Yes, it seems odd that it needs to be said but, progressives have won the country, and FDR is our guide. His full throated defiance of those who would stop his rebuilding of America for its people is our guide.

FDR who won election four times, has lessons for all progressives now.

The fight is far from over, and I don't mean wearing out your shoes from door to door canvassing, which must be done, as well as bruising your ear as you call and mark forms and call some more. I mean that yes the same media that drove us into Iraq is still filling the air, still pouring tons of ink, and still has, almost, the last word.

Everything we have been doing to this point, building new media forms, defending new media, promoting media diversification, promoting net neutrality, building training and promoting New Better Democrats, funding think tanks, promoting writers (like David in your local paper), and much much more. More like passing laws to defend democracy; paper ballots, short wait times, automatic voter registration programs. More like funding schools in every city and town that are better equipped than homes with the technology and excitement of our times.

Here's one more thing that needs doing in top importance: the next generation, the one that can't vote yet, needs to be brought inside, and their little sisters too. Schools, activities and sharing of information, making kids freer and  more demanding of their rights. The elections of 2010 2012 are important, but we have to be ready for 2016, and we need the eight year olds now to be running to the polling booths when they turn 18. Todays eighteen year olds have to reach out to their little sisters, have to fight for the things that matter now. More brilliant Young Adult novels like Cory Doctorow's Little Brother need to be made into online MMORG's and movies and games.

The progressives have won, lets keep winning. We've seen what the right can do the world, global warming and disastrous wars are only part of their crimes, we need to stay on the ball and clever forever.

Thanks for this catch and column David, forewarned is forearmed.



--

The government has a defect: it's potentially democratic. Corporations have no defect: they're pure tyrannies. -Chomsky


True; I believe Kilgore said same thing (0.00 / 0)
Think it was Kilgore, I did see it elsewhere.

It is a very important point.  It looks to me like Obama knows this, he has run the campaign this way.  


Not Exactly... (0.00 / 0)
You're absolutely right that you don't get a mandate by muddying the waters.

But you also don't get a mandate by barely winning, particularly when the reasons for winning are muddied, even if the candidate positions are relatively distinct.

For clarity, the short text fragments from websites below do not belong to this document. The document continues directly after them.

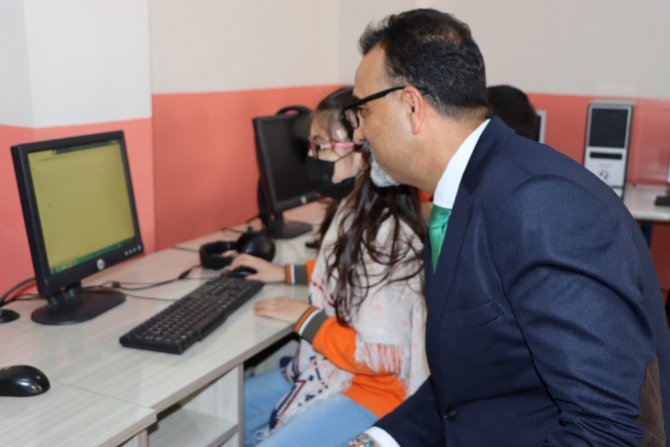 Vedaş’tan Eğitime Destek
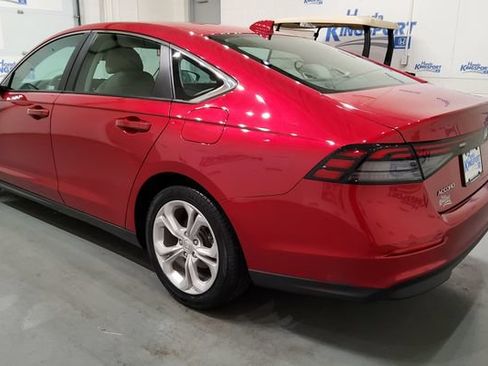 Used 2024 Honda Accord LX image 7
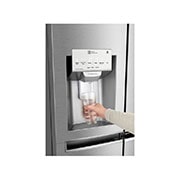 LG Heladera LG InstaView Door-in-Door™ - Capacidad 690lt , LS74SXSX, thumbnail 9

Bush's 2004 "victory" (yes, there are credible claims that he didn't win, though that's not my point here) was muddied both by the swiftboat attacks and Kerry's delusional non-response, and by the simple fact that people weren't as clear on the differences between Kerry and Bush as you assume.  PIPA (the Projectct on International Policy Alternatives) did some polling on this and discovered that Bush voters were generally mistaken about Bush's positions on a broad range of foreign policy positions--situating him significantly more to the center--or even left--in line with their own beliefs.

Of couse we can't prove that they would have changed their votes if they had known what they were voting for.  But on the more immediate question, so far as your assumption here is concerned, of whether their votes constituted a mandate, I think it's pretty clear that they didn't.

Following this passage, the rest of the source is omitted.